Gadsdon made one more return to the West End stage in 1990 when a Sunday night performance of The Boy Friend was staged at the Duchess Theatre with most of the original cast. A review reported that "Joan Gadsdon and Stephen Warwick danced the Carnival Tango with as much sinuous camp as ever". In her unpublished autobiography, Gadsdon wrote: "As we stood holding hands and singing the final chorus of the song I felt unbelievably sad. We waved goodbye to the audience, the curtain came down and my little moment of glory was over. I had loved every minute of it.

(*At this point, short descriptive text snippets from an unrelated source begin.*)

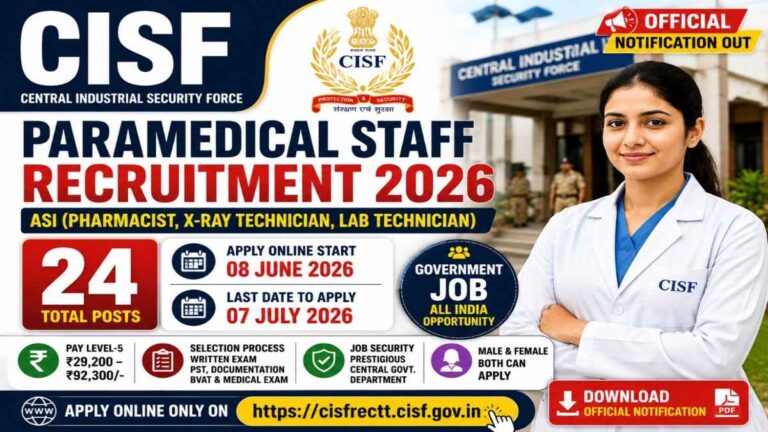 CISF Paramedical Staff Recruitment 2026 feature image for ASI Pharmacist X-Ray Technician and Lab Technician 24 posts notification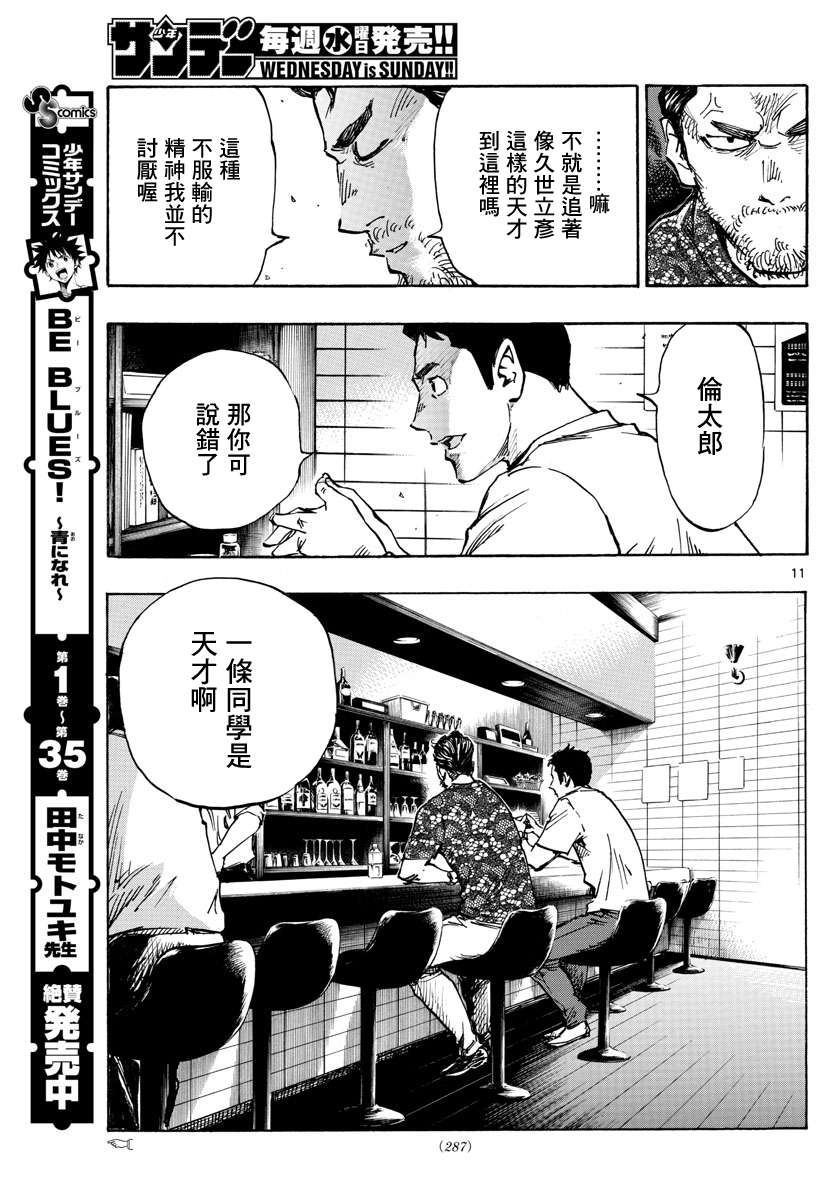 BE BLUES!~化身为青第373话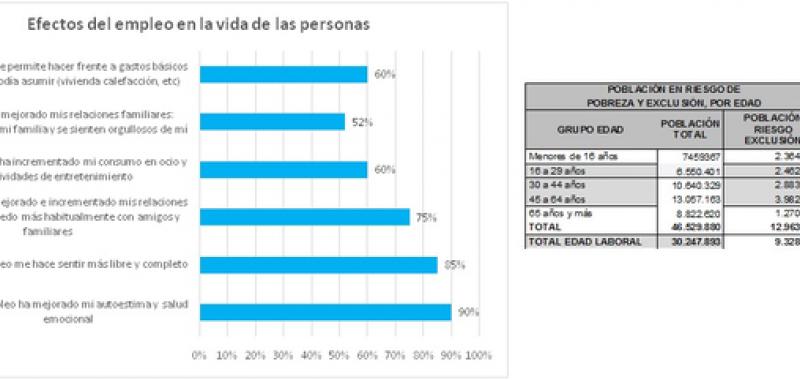personas en edad laboral se encuentran en riesgo de pobreza y exclusión social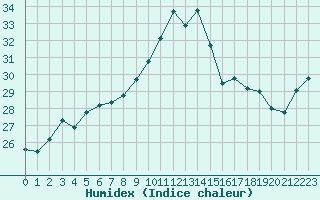 Courbe de l'humidex pour Carcassonne (11)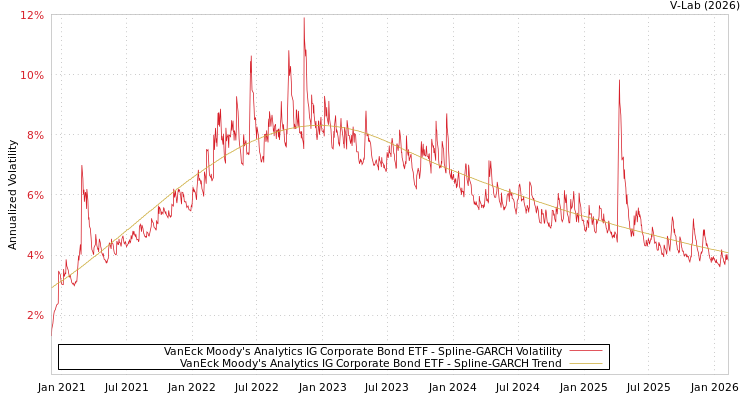 graph of VanEck Moody's Analytics IG Corporate Bond ETF SGARCH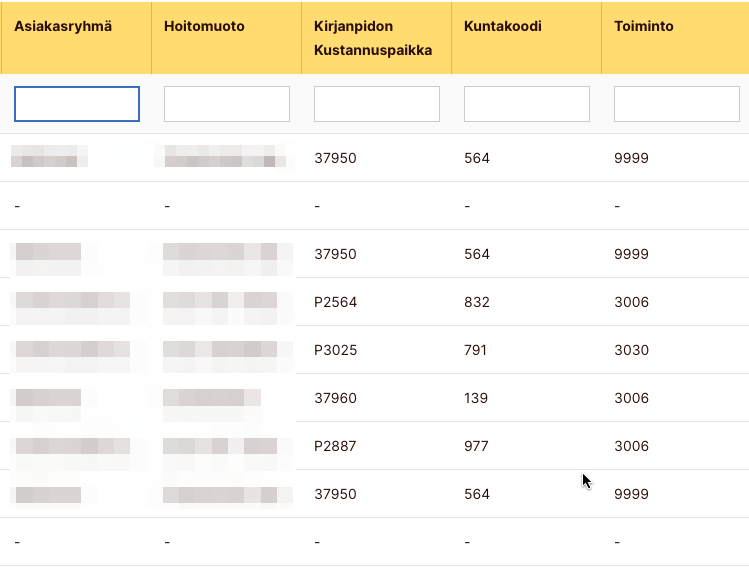 Kuva dimensiosarakkeista hakutuloksissa
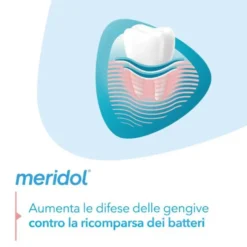 Meridol Dentifricio Protezione Gengive, 75ml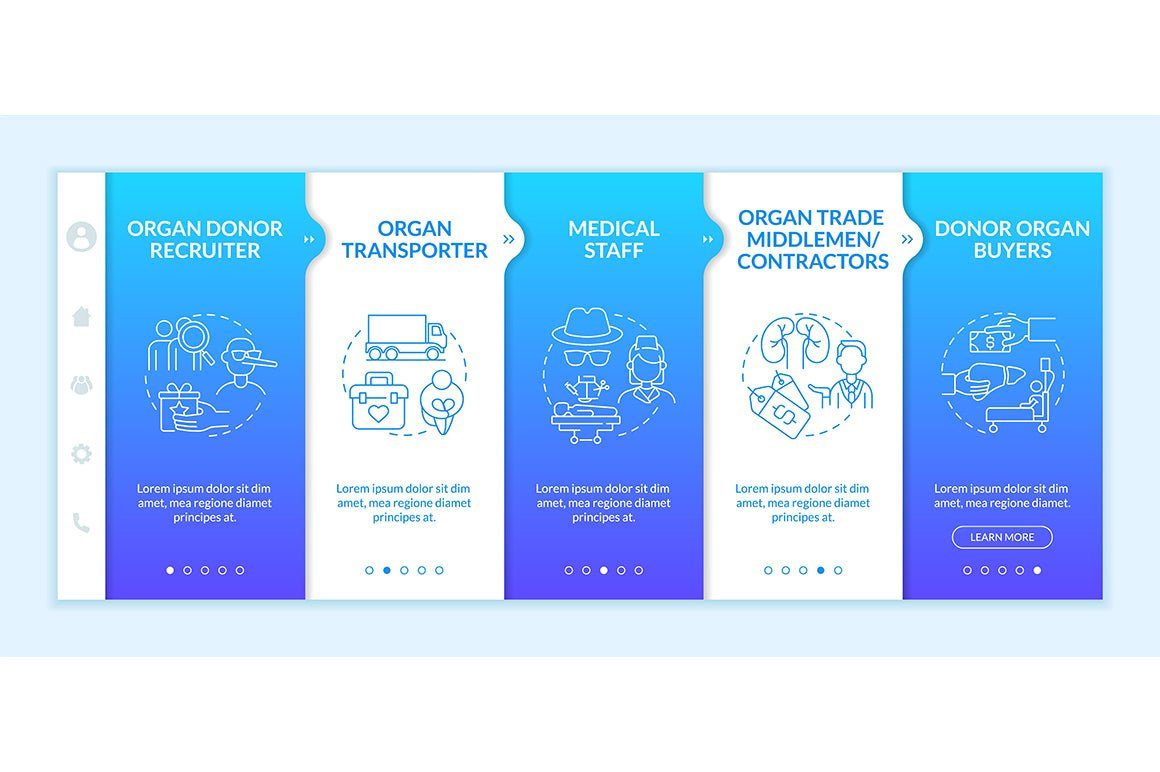 Human Trafficking App Screens Bundle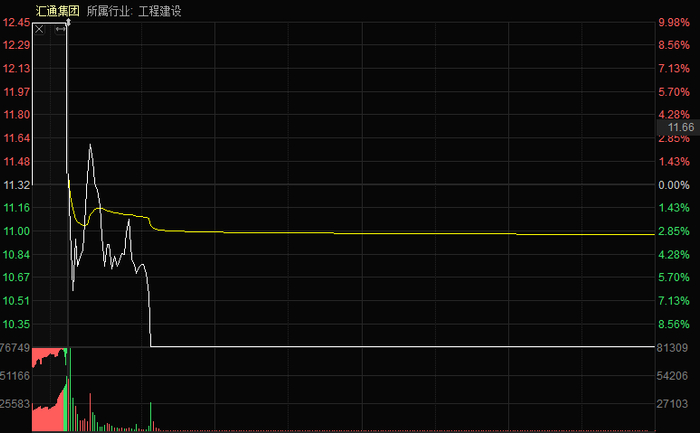 汇通集团今日分时图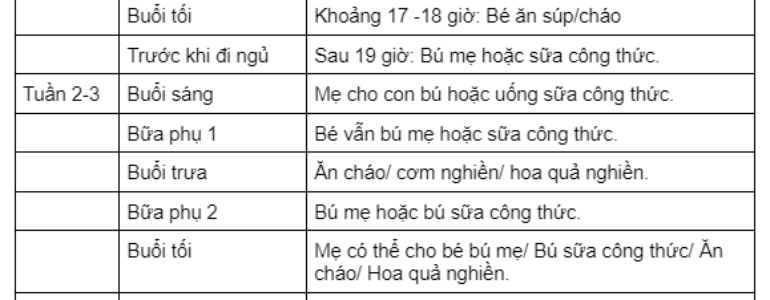 Bé 7 tháng tuổi ăn được những gì? Thực đơn ăn dặm cho bé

Though living in Britain from 1948 to 2003, Gadsdon did not apply for British citizenship and kept her Australian citizenship until her death.

While undergoing a series of strokes, Gadsdon benefited from periods of respite care at the actors' care home Denville Hall in West London. She died in St Mary's Hospital in London on 12 October 2003. She was 80. She was cremated at Kensal Green Crematorium. Her ashes were then taken to Australia and interred next to her mother's grave in Lithgow General Cemetery.

Gadsdon's papers, including her unpublished autobiography, were deposited variously in the National Library of Australia and the Department of Theatre and Performance at the Victoria and Albert Museum in London (where cataloguing work is still in progress).